Procès du massacre de 2009 en Guinée: la défense irritée par la présence de la CPI

Procès du massacre de 2009 en Guinée

Le 06/04/2024 à 16h12

VidéoRien ne va plus entre les avocats de la défense, ceux de la partie civile et le ministère public. A l’origine de ce désaccord, la requalification du massacre du 28 septembre en crime contre l’humanité, rejetée par la défense, et la présence du procureur adjoint de la Cour pénale internationale.

Les avocats qui défendent les accusés dans le dossier du massacre du 28 septembre 2009 menacent de ne plus se présenter au tribunal avec leurs clients et l’ont l’ont fait savoir lors d’un point de presse organisé dans la soirée du 4 avril 2024.

Ils disent ne pas comprendre le sens de la demande de requalification des faits en crimes contre l’humanité et l’irruption soudaine de la Cour pénale internationale (CPI) dans ce procès, confie Maître Antoine Pepe lamah. «Je rappelle qu’à l’audience du 20 mars 2024, le tribunal criminel de Dixinn en charge du dossier des événements du 28 septembre avait, après trois jours de débats, sur la demande de requalification sollicitée par le ministère public, l’affaire a été renvoyée et que les débats de devaient reprendre le 25 mars 2024. Le lendemain, tous les avocats de la défense ont décidé d’attaquer cette décision devant la cour d’appel».

Maître Antoine Pepe fait allusion à la délégation de la CPI conduite par Mame Mandiaye Niang, procureur adjoint de la CPI, qui séjourne à Conakry depuis le 27 mars le cadre du suivi du procès des événements de 2009.

Les massacres du 28 septembre 2009 font suite à une manifestation de partisans de l’opposition guinéenne à Conakry, contre les projets du chef de la junte militaire au pouvoir, dirigée alors par Moussa Dadis Camara, de se présenter à l’élection présidentielle.

Lors de cet évènement douloureux, au moins 156 personnes ont été tuées et des centaines d’autres blessées et au moins 109 femmes ont été violées ce jour, selon le rapport d’une commission d’enquête internationale mandatée par l’ONU.

La présence des membres de la CPI intervient alors que le débat sur la requalification des faits en crime contre l’humanité, divise les avocats des différentes parties.

Pour rappel, au cours de l’audience du lundi 25 mars 2024, le président du Tribunal a ordonné le sursis à statuer en attendant l’examen de la requête de la défense par la Cour d’appel et a renvoyé le procès sine die.

Dans cette affaire, le dernier développement qui a fâché les avocats de la défense, c’est la demande de sursis à statuer mais qui a été rejetée par la cour d’appel.

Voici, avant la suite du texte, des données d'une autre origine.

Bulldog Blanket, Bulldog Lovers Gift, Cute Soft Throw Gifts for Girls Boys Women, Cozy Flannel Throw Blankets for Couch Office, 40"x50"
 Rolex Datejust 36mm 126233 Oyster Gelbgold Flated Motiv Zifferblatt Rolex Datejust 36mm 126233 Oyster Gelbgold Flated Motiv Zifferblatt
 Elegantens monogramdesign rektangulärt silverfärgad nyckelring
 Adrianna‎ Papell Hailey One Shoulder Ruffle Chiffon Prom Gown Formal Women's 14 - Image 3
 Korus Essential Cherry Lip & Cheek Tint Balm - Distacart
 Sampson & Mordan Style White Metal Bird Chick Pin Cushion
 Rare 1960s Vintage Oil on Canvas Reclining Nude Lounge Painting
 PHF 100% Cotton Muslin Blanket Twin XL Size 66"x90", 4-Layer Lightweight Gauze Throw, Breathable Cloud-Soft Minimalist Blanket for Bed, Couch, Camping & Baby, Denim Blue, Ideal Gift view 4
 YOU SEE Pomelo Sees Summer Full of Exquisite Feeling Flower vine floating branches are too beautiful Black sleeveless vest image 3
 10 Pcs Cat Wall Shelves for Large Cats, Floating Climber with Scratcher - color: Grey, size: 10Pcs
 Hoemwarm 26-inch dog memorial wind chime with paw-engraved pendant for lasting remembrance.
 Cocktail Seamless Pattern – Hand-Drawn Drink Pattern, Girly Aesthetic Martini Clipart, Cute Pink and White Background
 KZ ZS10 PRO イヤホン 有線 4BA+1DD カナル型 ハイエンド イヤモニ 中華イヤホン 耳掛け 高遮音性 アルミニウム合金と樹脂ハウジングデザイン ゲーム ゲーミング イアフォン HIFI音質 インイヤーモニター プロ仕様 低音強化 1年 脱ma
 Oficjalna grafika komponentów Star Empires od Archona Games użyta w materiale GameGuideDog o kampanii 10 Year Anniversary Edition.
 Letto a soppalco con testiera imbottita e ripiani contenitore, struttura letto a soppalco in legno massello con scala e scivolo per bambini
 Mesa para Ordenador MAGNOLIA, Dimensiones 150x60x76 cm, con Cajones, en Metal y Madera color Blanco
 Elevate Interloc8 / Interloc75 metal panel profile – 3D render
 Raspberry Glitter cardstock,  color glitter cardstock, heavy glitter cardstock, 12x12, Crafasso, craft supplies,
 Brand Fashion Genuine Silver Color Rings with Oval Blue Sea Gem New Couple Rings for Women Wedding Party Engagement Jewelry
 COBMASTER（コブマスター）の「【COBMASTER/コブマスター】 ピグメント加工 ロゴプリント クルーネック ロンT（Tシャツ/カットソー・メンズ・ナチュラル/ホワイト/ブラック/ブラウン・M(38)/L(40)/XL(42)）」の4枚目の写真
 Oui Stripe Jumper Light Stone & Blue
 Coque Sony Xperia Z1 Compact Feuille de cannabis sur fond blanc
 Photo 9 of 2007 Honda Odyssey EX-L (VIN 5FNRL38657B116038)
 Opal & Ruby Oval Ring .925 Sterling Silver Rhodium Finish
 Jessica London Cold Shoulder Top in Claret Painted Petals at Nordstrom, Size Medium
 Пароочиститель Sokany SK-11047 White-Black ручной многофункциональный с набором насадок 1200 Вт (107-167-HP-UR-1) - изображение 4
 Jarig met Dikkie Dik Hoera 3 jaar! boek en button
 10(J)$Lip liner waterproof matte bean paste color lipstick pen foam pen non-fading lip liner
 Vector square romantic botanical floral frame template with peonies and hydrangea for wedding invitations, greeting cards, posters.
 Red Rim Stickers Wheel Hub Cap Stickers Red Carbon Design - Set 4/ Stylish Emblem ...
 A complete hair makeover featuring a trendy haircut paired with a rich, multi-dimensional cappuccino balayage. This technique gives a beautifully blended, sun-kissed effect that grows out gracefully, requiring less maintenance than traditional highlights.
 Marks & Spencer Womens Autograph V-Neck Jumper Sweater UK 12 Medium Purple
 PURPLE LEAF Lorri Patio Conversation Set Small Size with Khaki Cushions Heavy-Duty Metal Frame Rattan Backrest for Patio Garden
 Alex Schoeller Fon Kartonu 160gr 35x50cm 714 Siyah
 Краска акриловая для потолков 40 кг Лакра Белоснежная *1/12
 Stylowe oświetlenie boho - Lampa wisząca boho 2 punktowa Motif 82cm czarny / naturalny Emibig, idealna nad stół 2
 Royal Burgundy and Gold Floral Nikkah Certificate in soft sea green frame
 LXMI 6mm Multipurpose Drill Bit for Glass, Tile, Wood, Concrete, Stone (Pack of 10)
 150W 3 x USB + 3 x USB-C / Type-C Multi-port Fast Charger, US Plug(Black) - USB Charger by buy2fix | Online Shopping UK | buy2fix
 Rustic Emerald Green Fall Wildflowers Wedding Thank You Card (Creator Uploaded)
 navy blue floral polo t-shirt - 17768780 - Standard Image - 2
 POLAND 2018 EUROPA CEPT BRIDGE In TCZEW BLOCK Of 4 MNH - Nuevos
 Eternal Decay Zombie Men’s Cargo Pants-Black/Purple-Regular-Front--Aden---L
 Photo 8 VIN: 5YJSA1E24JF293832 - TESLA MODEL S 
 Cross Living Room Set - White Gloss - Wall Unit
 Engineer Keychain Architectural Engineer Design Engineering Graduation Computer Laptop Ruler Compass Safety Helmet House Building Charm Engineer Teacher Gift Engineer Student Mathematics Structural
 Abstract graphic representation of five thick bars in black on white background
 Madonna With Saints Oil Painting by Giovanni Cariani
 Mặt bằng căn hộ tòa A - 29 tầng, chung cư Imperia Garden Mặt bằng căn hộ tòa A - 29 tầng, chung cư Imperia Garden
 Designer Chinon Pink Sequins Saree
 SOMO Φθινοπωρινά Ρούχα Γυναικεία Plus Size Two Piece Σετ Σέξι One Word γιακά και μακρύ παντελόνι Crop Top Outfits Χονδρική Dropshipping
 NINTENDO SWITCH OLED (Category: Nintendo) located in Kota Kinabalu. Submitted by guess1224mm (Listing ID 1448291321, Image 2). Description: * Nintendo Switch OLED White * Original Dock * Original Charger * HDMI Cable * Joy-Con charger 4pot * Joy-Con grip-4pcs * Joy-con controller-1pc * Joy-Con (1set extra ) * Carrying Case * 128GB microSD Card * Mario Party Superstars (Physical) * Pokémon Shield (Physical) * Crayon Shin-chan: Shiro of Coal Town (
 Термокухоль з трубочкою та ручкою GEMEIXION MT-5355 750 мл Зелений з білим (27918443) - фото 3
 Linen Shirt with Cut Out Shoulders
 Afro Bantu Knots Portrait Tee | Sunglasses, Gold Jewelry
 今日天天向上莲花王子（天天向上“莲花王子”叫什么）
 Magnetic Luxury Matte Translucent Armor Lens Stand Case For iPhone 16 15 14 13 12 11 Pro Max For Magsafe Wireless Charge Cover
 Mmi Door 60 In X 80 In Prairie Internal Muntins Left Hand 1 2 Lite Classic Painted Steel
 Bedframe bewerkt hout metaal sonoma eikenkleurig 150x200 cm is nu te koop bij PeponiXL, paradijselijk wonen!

Ainsi les avocats de la défense promettent, que si rien n’est fait, ils vont réagir, fait savoir Me Lanciné Sylla. «Nous pouvons boycotter l’audience, organiser un point de presse comme celui d’aujourd’hui, quitter carrément le dossier ce qui n’est pas encore à l’ordre du jour. Mais on a l’obligation d’alerter l’opinion nationale et internationale sur ces cas de violation des droits de la défense. La question de la requalification a été jointe au fond du dossier, ce qui veut dire que tous les débats vont se dérouler sans que les accusés ne sachent si le tribunal se prononcera à fin de ce procès».

Après plusieurs années d’impunité, les victimes et leurs familles ont dû attendre le 28 septembre 2022 pour que l’ancien dictateur Moussa Dadis Camara, qui s’était autoproclamé chef de l’Etat, et ses 10 autres coaccusés soient enfin présentés devant une cours criminelle en Guinée.

Aujourd’hui, face a la presse, les avocats de Moussa Dadis Camara et des autres accusés ont exprimé plusieurs préoccupations. «Pourquoi le procureur de la CPI s’est-il précipité à Conakry le lendemain de la décision de sursis à statuer. Pourquoi c’est lui qui nous informe à travers la presse que notre recours a été rejeté. Ce sont donc des situations qui amènent la défense à s’inquiéter par rapport au respect des droits de nos clients».

Lors de sa rencontre avec le Premier Ministre, Amadou Oury Bah, et le ministre de la Justice et des droits de l’homme, Yaya Kaïraba Kaba, le procureur adjoint Niang a exprimé sa satisfaction sur le procès en cours et l’engagement de la Guinée à traduire les auteurs présumés en justice. «La capacité et la volonté de la Guinée de faire en sorte que les auteurs de ces crimes répondent de leurs actes sont palpables. Malgré les défis existants- qui ne sont pas rares dans la plupart des procédures pénales dans différents pays- cet engagement représente un exemple significatif de complémentarité dans la pratique avec le procès qui est suivi dans le monde entier» a écrit la CPI dans son rapport de la visite de son procureur adjoint Mame Mandiaye Niang e Guinée.